Exercise aim -
Write out exactly what each line says, starting with the first line below and ending on the one with "2025 Autumn Sister".

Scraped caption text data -
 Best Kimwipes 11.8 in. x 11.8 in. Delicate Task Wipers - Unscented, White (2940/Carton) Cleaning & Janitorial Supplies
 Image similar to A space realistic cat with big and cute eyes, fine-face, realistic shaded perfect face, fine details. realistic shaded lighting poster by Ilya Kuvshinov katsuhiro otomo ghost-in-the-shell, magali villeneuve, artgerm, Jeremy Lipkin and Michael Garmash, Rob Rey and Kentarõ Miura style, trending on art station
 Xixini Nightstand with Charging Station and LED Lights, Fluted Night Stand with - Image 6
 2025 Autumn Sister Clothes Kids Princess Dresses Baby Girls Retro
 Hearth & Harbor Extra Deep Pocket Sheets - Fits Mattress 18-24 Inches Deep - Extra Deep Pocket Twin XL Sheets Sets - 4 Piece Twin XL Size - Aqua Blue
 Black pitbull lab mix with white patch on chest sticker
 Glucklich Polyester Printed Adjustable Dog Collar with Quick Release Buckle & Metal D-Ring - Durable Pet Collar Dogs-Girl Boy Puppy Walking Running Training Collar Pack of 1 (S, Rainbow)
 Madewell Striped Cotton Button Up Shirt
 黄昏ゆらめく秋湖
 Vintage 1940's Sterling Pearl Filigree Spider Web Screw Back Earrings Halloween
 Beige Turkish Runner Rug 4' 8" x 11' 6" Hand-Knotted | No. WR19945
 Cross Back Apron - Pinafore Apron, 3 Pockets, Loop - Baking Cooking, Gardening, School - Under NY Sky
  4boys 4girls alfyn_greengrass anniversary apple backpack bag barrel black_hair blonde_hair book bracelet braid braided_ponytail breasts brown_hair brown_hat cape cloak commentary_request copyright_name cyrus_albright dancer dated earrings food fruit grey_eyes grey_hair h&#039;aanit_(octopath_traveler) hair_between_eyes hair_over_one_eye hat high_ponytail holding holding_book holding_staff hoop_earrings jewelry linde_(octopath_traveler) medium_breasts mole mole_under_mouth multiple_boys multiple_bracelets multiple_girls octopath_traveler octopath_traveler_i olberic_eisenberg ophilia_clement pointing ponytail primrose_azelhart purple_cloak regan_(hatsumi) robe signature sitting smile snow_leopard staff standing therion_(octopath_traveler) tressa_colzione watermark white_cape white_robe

Exercise output -
 Best Kimwipes 11.8 in. x 11.8 in. Delicate Task Wipers - Unscented, White (2940/Carton) Cleaning & Janitorial Supplies
 Image similar to A space realistic cat with big and cute eyes, fine-face, realistic shaded perfect face, fine details. realistic shaded lighting poster by Ilya Kuvshinov katsuhiro otomo ghost-in-the-shell, magali villeneuve, artgerm, Jeremy Lipkin and Michael Garmash, Rob Rey and Kentarõ Miura style, trending on art station
 Xixini Nightstand with Charging Station and LED Lights, Fluted Night Stand with - Image 6
 2025 Autumn Sister Clothes Kids Princess Dresses Baby Girls Retro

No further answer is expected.